The technical term for it is sporadic E propagation. I know it's a thing that happens in the summer that causes signals to be weak close to where they should be well received, and come in great at some crazy distances away from where they were transmitted. It is caused by weather and other atmospheric conditions.

The easiest way to translate the science I don't really understand is that radio and TV signals are bounced back off the ionosphere and can come back down hundreds or even thousands of miles away.
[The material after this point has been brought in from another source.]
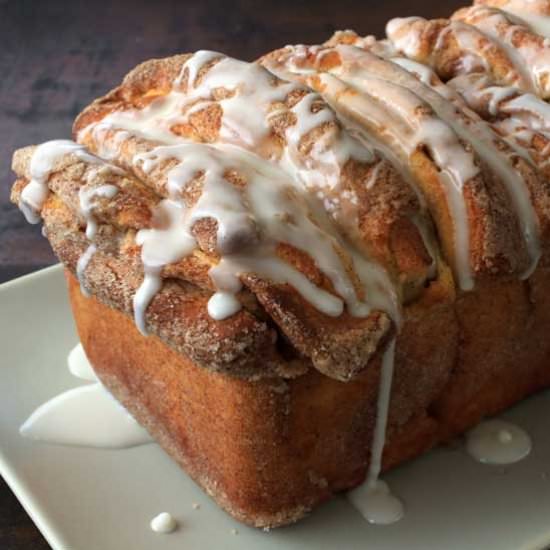Cinnamon Pull Apart Bread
Today, July 21, 2021, there is a strong area of this between Sioux Falls and Pierre, according to the map from MennoLink.org, signals are capable of skipping up to 300 miles. Pierre is about 188 miles from Sioux Falls. Signals that are normally not capable of being heard much farther from Pierre than Chamberlain are able to enter the area and interfere with stations based in Sioux Falls.

aprs.mennolink.org

For a couple of months, a letter has been sitting on my desk from a distant TV and radio hobbyist in western New York. He sent us a letter in the mail saying that he wanted to confirm that what he heard on his equipment in the town of Holley. Measured on Google Maps, that's 956 miles from our transmitter.

The man sent a photo of his radio displaying the RDS (text you see in your car radio) that said 104.7 FM, KKLS, Deja Vu by Olivia Rodrigo. The letter said this was played at 1:11 PM on May 20, 2021. I looked back in our music software to see if that was the case. It was, with the exception that on my log the song started at 1:13:08 pm.

Andy Erickson/TSM

So if you hear weird stuff on the radio in the summer, now you know why. Sporadic E-Skip is the culprit.